Dunster Village

Dunster Yarn Market

Dunster Yarn Market

Dunster Yarn Market

Dunster Yarn Market was built in the early 17th Century and is now designated as a Grade I listed building and scheduled monument. The Yarn Market is an octagonal building which is constructed around a central pier.

Dunster village was an important market place during the middle ages mainly after the construction of Dunster Castle and the Priory Church of St George Church, Dunster. It is estimated that the market was built around 1609 by the Luttrell family who at the time wanted to maintain the importance of Dunster Village as a market for trading wool and cloth.

By the 16th and 17th centuries the demand had shifted from raw wool to finished cloth. Since Dunster cloth was woven in nearby mills, the village remained prosperous, as the building of the Yarn Market shows.

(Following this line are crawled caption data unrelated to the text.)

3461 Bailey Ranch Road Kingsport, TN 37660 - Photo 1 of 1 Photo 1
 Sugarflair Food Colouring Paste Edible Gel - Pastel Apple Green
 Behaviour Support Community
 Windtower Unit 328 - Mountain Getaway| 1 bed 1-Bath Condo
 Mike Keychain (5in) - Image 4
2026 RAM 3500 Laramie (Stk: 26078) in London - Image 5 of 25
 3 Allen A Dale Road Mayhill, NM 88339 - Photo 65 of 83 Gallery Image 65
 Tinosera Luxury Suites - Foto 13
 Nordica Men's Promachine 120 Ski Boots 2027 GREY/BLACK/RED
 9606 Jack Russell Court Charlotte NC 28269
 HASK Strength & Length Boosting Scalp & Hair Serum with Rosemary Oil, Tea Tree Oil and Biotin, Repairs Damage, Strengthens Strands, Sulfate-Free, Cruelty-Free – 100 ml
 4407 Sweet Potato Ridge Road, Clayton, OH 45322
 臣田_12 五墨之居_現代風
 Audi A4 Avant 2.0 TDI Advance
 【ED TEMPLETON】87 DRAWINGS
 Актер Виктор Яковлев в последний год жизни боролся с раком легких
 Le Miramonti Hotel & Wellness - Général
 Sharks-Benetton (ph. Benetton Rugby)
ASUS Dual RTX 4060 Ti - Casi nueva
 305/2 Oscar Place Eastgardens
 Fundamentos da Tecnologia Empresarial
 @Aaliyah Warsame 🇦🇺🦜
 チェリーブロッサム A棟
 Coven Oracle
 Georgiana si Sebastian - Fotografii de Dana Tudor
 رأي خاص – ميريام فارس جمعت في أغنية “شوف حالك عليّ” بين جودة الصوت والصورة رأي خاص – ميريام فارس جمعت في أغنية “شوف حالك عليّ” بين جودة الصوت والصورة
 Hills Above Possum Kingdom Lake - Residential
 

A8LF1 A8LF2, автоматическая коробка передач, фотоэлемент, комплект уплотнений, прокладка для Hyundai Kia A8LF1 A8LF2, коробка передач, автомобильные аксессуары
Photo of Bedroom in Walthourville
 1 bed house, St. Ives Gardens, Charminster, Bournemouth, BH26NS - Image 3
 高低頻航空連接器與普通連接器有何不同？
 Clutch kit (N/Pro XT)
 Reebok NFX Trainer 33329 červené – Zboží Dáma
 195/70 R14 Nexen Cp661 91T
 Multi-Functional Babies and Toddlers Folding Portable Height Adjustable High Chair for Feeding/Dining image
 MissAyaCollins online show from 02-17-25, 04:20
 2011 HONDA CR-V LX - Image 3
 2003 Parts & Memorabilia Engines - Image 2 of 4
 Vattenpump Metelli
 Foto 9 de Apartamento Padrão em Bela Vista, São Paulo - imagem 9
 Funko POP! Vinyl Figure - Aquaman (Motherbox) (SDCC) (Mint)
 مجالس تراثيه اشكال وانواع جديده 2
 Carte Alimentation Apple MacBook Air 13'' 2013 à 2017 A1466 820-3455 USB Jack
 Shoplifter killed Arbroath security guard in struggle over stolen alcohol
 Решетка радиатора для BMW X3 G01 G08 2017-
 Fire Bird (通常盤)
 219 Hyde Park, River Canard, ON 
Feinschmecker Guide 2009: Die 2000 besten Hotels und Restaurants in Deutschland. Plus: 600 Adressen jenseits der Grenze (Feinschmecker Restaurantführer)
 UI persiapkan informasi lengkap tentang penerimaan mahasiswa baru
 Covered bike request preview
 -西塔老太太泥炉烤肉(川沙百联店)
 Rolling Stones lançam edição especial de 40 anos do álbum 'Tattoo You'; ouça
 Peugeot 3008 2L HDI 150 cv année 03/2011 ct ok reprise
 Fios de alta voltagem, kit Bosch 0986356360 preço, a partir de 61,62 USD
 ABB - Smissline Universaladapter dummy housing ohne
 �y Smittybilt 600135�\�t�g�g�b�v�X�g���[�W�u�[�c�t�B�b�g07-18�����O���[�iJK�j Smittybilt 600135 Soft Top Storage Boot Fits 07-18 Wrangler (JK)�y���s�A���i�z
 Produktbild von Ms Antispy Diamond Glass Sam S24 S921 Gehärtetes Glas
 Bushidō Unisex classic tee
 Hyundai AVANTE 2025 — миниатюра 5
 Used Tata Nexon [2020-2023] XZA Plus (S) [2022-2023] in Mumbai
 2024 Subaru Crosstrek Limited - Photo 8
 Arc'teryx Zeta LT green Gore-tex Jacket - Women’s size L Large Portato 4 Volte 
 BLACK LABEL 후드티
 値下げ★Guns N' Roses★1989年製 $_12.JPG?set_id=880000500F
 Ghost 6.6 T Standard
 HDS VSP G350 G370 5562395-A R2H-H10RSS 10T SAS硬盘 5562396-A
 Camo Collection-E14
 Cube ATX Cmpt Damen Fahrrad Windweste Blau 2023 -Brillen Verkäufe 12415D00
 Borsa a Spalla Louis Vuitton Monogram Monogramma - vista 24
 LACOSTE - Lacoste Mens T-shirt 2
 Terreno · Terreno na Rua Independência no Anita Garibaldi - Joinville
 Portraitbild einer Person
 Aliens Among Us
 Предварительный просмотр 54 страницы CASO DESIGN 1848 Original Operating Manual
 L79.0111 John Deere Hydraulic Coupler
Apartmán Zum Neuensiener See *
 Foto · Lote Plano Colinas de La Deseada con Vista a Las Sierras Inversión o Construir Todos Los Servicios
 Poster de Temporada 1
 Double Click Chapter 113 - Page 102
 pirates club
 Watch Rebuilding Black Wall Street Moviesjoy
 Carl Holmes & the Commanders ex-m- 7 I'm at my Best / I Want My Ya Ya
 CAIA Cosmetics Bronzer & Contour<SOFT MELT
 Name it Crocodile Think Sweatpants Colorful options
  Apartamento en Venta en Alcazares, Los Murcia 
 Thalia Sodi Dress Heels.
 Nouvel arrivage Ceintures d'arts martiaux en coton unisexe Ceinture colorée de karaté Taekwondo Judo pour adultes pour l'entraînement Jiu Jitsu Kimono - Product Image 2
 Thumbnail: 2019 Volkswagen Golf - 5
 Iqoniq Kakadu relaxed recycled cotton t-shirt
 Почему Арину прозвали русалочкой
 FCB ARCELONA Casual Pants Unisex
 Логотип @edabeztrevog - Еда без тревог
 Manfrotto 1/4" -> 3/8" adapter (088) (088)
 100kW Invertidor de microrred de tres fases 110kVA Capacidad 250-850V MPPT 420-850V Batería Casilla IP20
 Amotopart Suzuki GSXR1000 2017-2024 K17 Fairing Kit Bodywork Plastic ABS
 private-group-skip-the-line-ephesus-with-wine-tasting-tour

Before it was built, most of the buying and selling would have been done in the open air, but the English weather being what it is, there must have been occasions when trading was halted by wind or rain. Sellers might also have been worried about the security of their goods and The Yarn Market was a permanent solution to all these problems.

One of the Yarn Market roof beam bears the damage which was caused by cannon fire in the Civil War and the tiled roof provides shelter from the rain.

The Yarn Market is under the guardianship of English Heritage but it is managed by the National Trust.